Similarities between Vikram Seth’s 'A Suitable Boy' and the shelf life of lovers

Vikram Seth’s A Suitable Boy is that ex-lover who simply won’t go away.
For representational purposes (Express Illustrations)
For representational purposes (Express Illustrations)

Vikram Seth’s 'A Suitable Boy' is that ex-lover who simply won’t go away. You see her at weddings, and are compelled into those awkward jokes about how everyone and their future children will be married before you’ll ever dip your feet. You run into her during dates, with the gods of comedy aligning your tables within eye and earshot of one another. And you chance upon her during a mindless scroll, while pretending to be overjoyed at a tot’s birthday celebration on Zoom.

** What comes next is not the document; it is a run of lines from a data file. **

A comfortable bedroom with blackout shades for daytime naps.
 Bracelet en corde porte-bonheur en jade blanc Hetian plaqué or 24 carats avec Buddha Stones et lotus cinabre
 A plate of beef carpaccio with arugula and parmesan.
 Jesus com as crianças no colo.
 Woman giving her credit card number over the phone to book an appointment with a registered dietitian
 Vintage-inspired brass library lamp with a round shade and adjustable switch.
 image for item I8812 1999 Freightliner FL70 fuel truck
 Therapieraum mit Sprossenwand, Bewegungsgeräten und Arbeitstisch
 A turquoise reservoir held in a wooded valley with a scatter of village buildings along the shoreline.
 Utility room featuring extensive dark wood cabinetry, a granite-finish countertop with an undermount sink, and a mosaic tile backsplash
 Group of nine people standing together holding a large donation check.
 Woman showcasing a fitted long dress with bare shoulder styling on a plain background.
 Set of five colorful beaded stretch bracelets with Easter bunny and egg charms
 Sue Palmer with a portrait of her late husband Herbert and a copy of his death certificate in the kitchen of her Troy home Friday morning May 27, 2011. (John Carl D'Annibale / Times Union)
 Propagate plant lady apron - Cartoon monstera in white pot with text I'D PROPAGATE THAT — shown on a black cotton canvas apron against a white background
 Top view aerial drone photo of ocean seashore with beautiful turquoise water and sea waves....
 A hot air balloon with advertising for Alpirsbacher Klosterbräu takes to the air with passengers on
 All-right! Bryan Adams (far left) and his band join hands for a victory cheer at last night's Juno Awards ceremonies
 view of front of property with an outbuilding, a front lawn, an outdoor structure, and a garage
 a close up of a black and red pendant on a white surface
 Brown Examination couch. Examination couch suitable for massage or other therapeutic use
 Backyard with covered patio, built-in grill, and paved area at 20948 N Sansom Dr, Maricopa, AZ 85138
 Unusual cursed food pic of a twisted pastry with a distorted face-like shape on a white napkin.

The long-awaited transference of Seth’s magnum opus to screen, via a BBC-developed six-part series, is the latest in this saga of former, fettered lovers. I haven’t watched the first few episodes of the miniseries much, though the opening montage of petals, parrots, and a sufficiently eastern melody appears to have been plucked right out of the Indian Yogic Academy’s Book of Appropriately Vedic Indian Things.

By becoming part of the confinement zeitgeist, the story is part of most everyday conversations, each time inflicting fresh masala to my guilt associated with the affair. You see, I’m yet to actually read the thing.
Pound for pound, Seth is among my three favourite writers. His books have transported and sweet-talked me into his worlds of exile and cadence whether equal or unequal. But A Suitable Boy has languished on the shelf, foreign to the taste. I’ve tried, even getting through its first few hundred pages on occasion. But that’s where the ardour has ended, exacting a fresh partition.

It isn’t as though the book isn’t touched with sublimity; it is. It’s just that some literary affairs were meant to remain the distant, imagined pleasure anchored to fraying shelves, their characters consigned to the imagination and fictional foreplay. With some of the larger, feted ones, it’s boredom that causes the rift; a few appear too draped in antiquated dialect for you to treat them seriously. And it’s not just the number of pages that’s the predicament, I have plenty of larger, cherished tomes, overflowing with a plethora of intertwinement. Many of the acclaimed bibles are simply too heavy on the soul, capable of inducing bafflement or just plain tedium.

And so they remain there the illegitimate caretakers of your bookshelves. Spoken about in hushed tones. Or flourished with knowledgeable pride should an academic arrive for dinner (now there’s a sexy party).
I will give the miniseries a go, given its cinematic pedigree. And I might yet give the book a twirl. Lovers are nothing, if not fickle.